▶ [Exercise instructions]:
Before you write out the listing, remove the pictures; everything else stays exactly as it is.

▶ [Data in this exercise]:
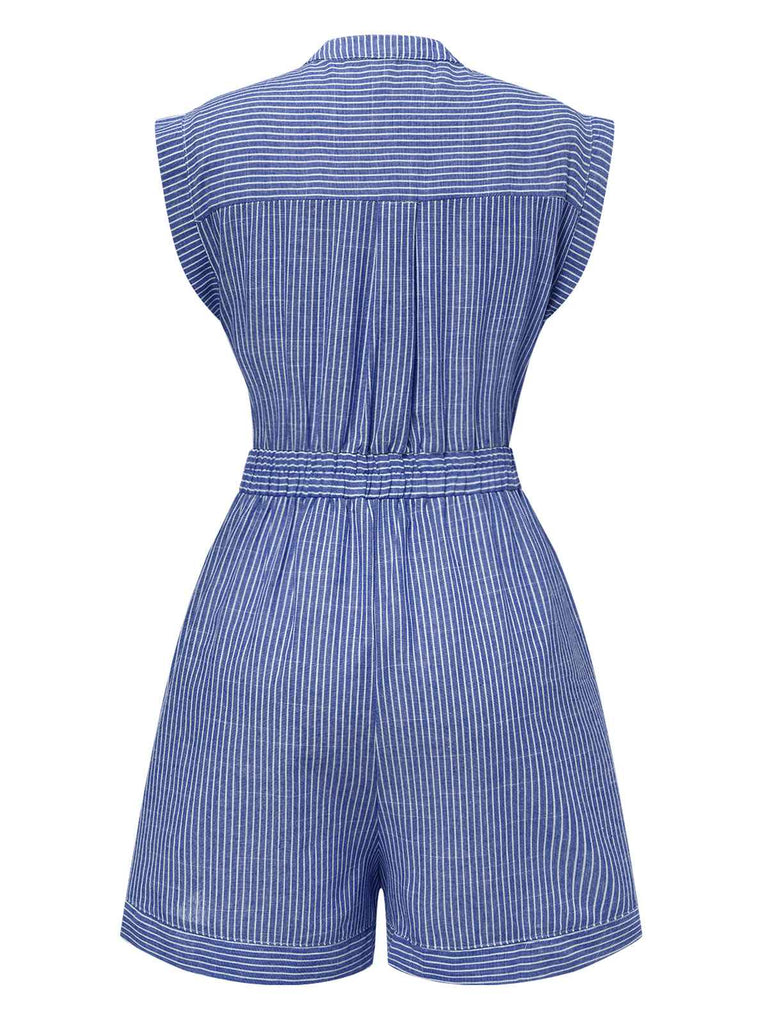 1940s VNeck Pockets Belted Stripe | 1940s | vintage romper, retro jumpsuit
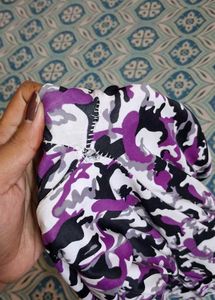 Vibrant Purple Floral Print half Pants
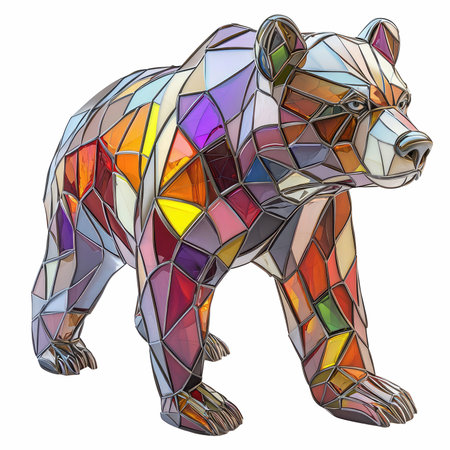Abstract polygonal bear isolated on white background. 3d renderingの写真素材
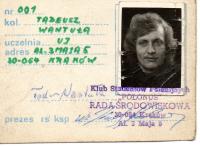Member card of Polonus (club of Polish students)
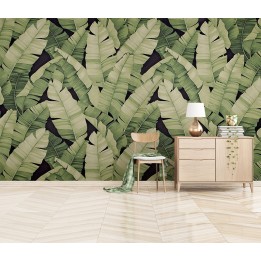 Papier peint vintage mur végétal - Feuilles de bananier sur fond noir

▶ [Response to the exercise]:
 1940s VNeck Pockets Belted Stripe | 1940s | vintage romper, retro jumpsuit
 Vibrant Purple Floral Print half Pants
Abstract polygonal bear isolated on white background. 3d renderingの写真素材
Member card of Polonus (club of Polish students)
 Papier peint vintage mur végétal - Feuilles de bananier sur fond noir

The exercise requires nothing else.